Articles written by La Salle student and Awbury intern Dan Sardaro.

May 2019 –  KUDZU: 


Have you ever been to parts of the south and seen a green vine growing up the side of an old building, trees or a telephone pole? It can be easily looked over if small enough, but other times, you can find green, twisted mounds of this climbing up pretty much anything. There are many rumors of what the tangled growths do – things like offering homes to breeding snakes, swallowing entire towns, or growing so fast that no one can contain it’s rapid conquering of all civilization (note the sarcasm here).

If you haven’t already guessed, I’m talking about Kudzu, that vine that carries with it an extremely negative connotation to those who know it. Known to many as the “vine that ate the south,” kudzu is an invasive species here in the United States, first introduced by the Japanese at the 1876 World’s Fair Centennial Exhibition in Philadelphia and then spreading in the 30’s after it became a popular garden element. Yes, it is a rather quickly growing vine that made its home here many years ago. But you could argue that there are more mysterious tales about this vine than there is factual knowledge about the plant. Kudzu is indeed a natural fiber that has an interesting use.

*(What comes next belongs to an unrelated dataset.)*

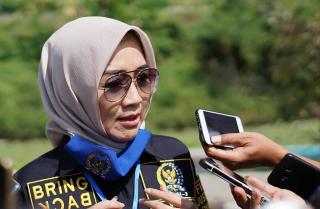 Eva Yuliana Dukung Kebijakan Jokowi Terkait 75 Pegawai KPK yang Tak Lolos TWK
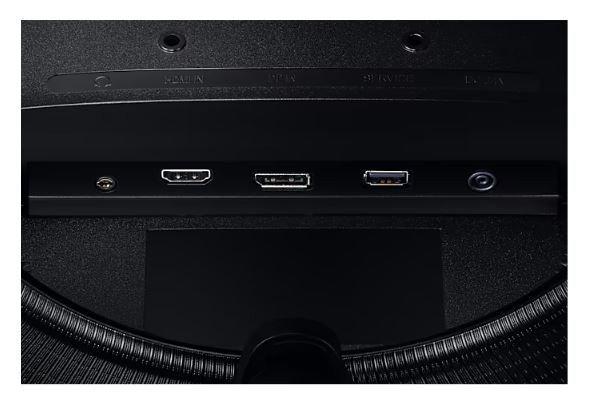 Monitor 34 cale LC34G55TWWPXEN VA 3440x1440 Ultra WQHD  21:9 format kinowy 1xHDMI/1xDP 1 ms (MPRT) zakrzywiony 165Hz Gaming 2 la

In the 30’s, kudzu was used to fight the devastating dust storms that ravaged southern fields. The Soil Erosion Service gave approximately 85 million kudzu plants to southern landowners and the Civilian Conservation Corps did their part by planting it throughout the south. But while the surge of plantings helped remedy soil erosion, what the government programs didn’t realize is that the Japanese, the original cultivators, regularly harvested it. That fed into the invasive issue that we see today. However, with an increased supply of kudzu, some are seeing it less as a blight and more as an opportunity.

Kudzu flower

The plant has many inherent uses – animal fodder, starch and papermaking, for starters. It can be used for healing purposes, as some cite Kudzu more versatile than ginseng. It is said it can treat things like alcoholism and hangovers, to colds and upset stomachs. But the reason why we’re discussing the vine here is of course its fibrous qualities.

Artists like North Carolina resident Matt Tommey use kudzu for basket making. Tommey uses many invasive vines like kudzu, honeysuckle, bittersweet, grapevine and english ivy to craft homemade pieces that are perfect examples of how we can turn an invasive species into a work of art. Check out his work here: And in Japan today, artisans are still using kudzu as a form of cloth. While shiny and supple, the fabric that comes from the vine is not especially durable. Therefore, kudzu-based clothing is used in ceremonious occasions.